Lake in the country of Kazakhstan

Lake Kopa (Қопа, Qopa; /kk/) is a lake in the city of Kokshetau, located in Akmola Region close to the foot of Kokshetau Elevation in northern Kazakhstan. Its elevation is 223.8 m above sea level and has a maximum depth of about 6 m. It is 5.6 km long and 12 km wide. The total surface area of the lake is about 14 km2 depending on water level. It is fed by two rivers and is drained by the Shagalaly. The area of Lake Kopa fluctuates year to year, but in recent years the size of the lake has been decreasing overall. Kopa is used for fishery.

== Location and description ==
Lake Kopa is located in the north of Kazakhstan. Lake Kopa is 5.6 km long, up to 12 km wide and its area is 14 km2. The lake lies near the foot of the Kokshetau Massif, and near the north-western part of the city of Kokshetau. Lake Zholdybay lies about 20 km to the WNW.

Lake Kopa has an area of 14 km2 and an average depth of 2.0-3.0 m. Most of the total catchment area of 3,860 km2, is accounted for by the tributaries of the lake: the Shagalaly river to the southwest, and the Kylshakty river to southeast. Only a very small part, 80 km2, comes from the lake itself.

The south and west sides of the lake are separated from the adjacent beaches by depressed areas, and along the southern and eastern coasts are sand and pebble beaches. The northern and eastern shores of the lake are low, flat, and overgrown with vegetation, meaning that the water surface of the lake is basically open only along the western and northern stretches. The lake bottom is viscous, smooth, and covered with a layer of silt clay, loam, and sand, it averages 2 m, but can reach a depth of as much as 6 m in the northern part.

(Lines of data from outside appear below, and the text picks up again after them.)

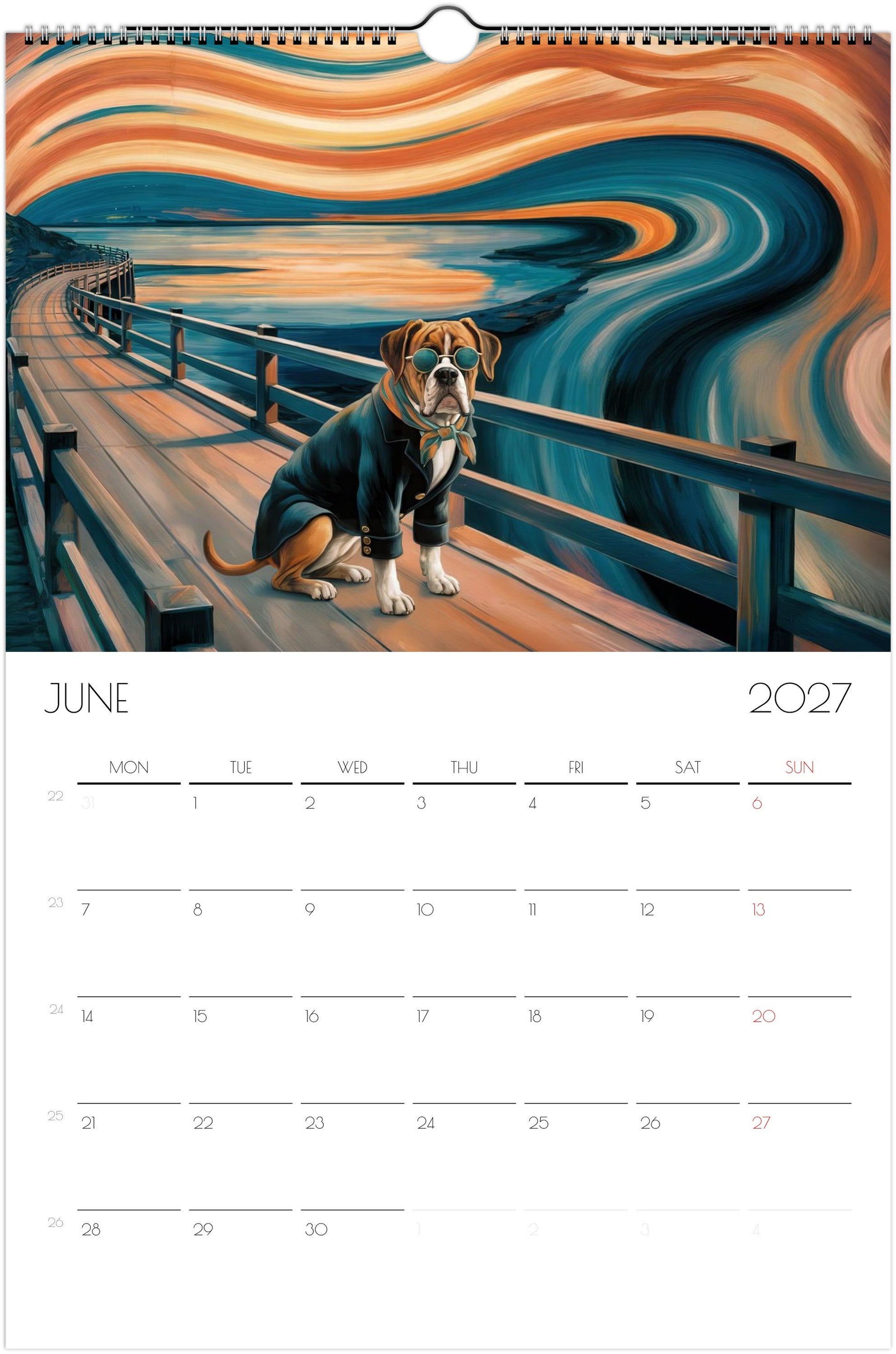 Boxer Kalender 2027 – Fine Art Hondenwandkalender voor Boxerliefhebbers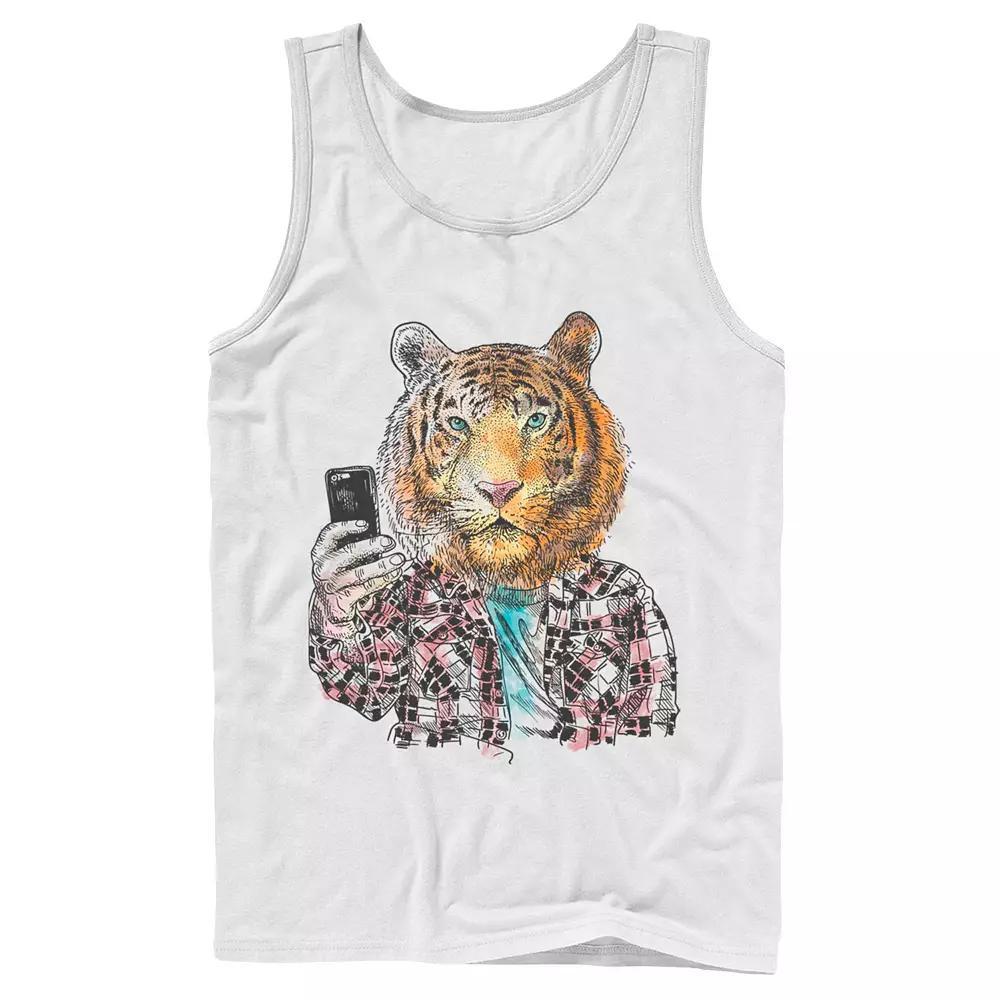Men's Trendy Tiger Selfie Color Sketch Tank Top, Size: Large, White Product Image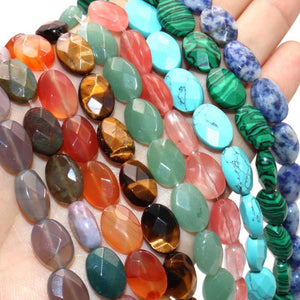 Faceted Natural Stone Oval Shape Agates Crystal Turquoises Beads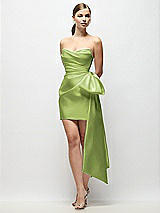 Front View Thumbnail - Mojito Strapless Pleated Draped Satin Mini Dress with Dramatic Long Tail Bow & Covered Buttons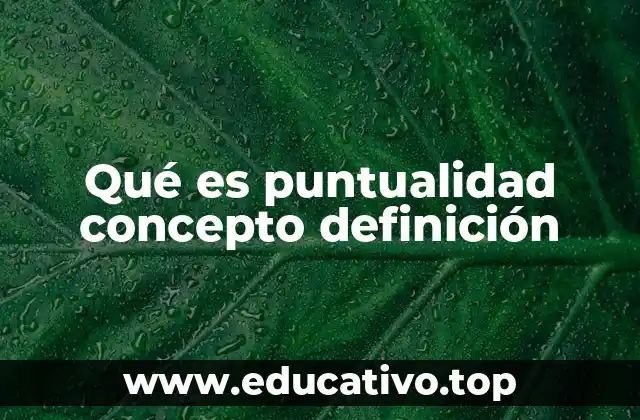 Qué es puntualidad concepto definición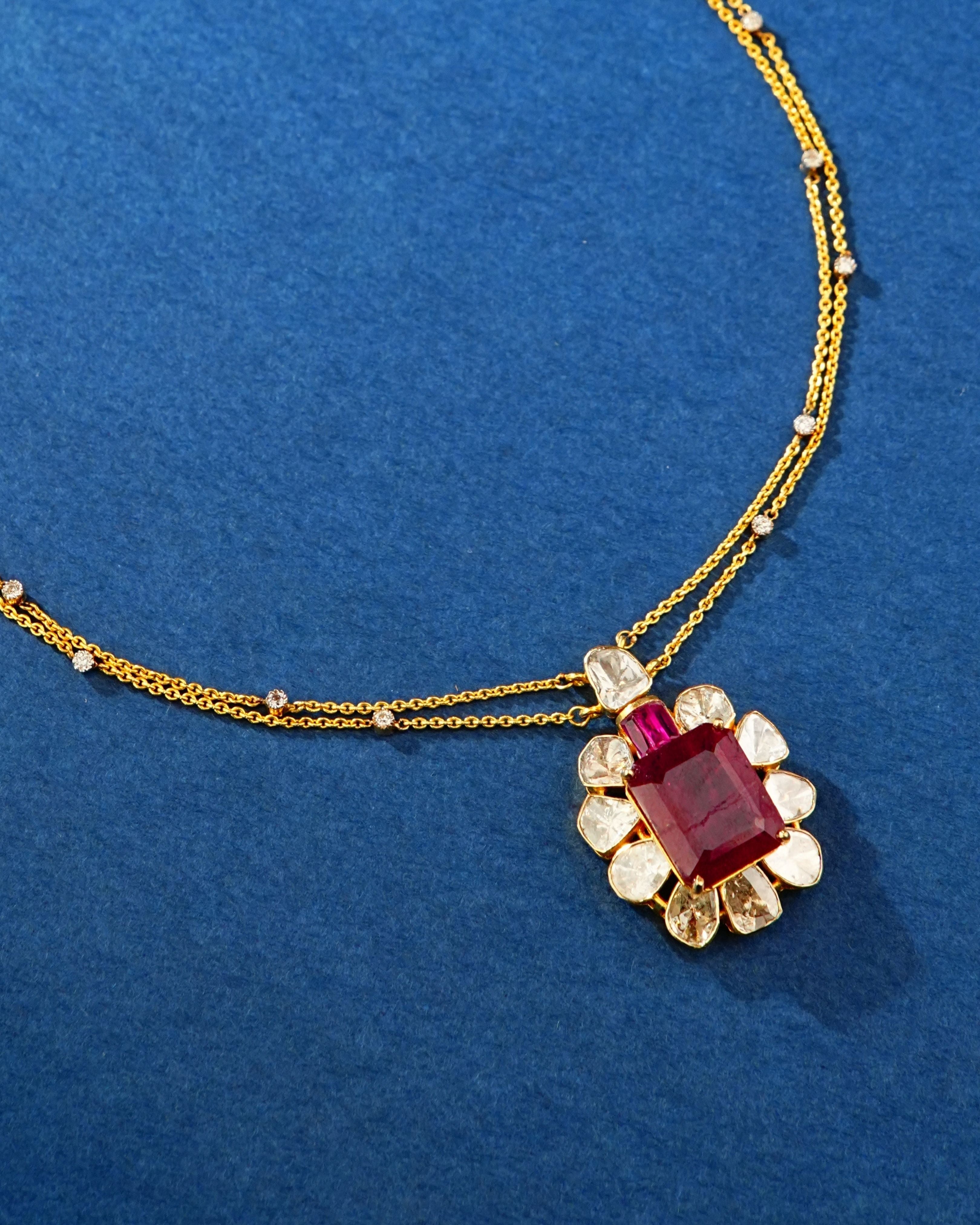 Aarita Polki And Diamond Pendant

50–70 m-high hills (Bukpa Hill) come close to the lake from south-west. In 1955, the volume of water in the lake was 39,200,000 m3, with a surface area of 13.6 km2. From 1955 to 1990 the volume of the lake has decreased by 13,000,000 m3 and now stands at only 26,000,000 m3. The lake sees amplitude fluctuations of between 0.5 and 1.5 m.

Shagalaly flows into the lake from south-west and flows out from the north part, therefore, Lake Kopa regulates flow of Shagalaly river in its lower stream. Administratively, the lake and the adjacent land are within Akmola Region of Kazakhstan.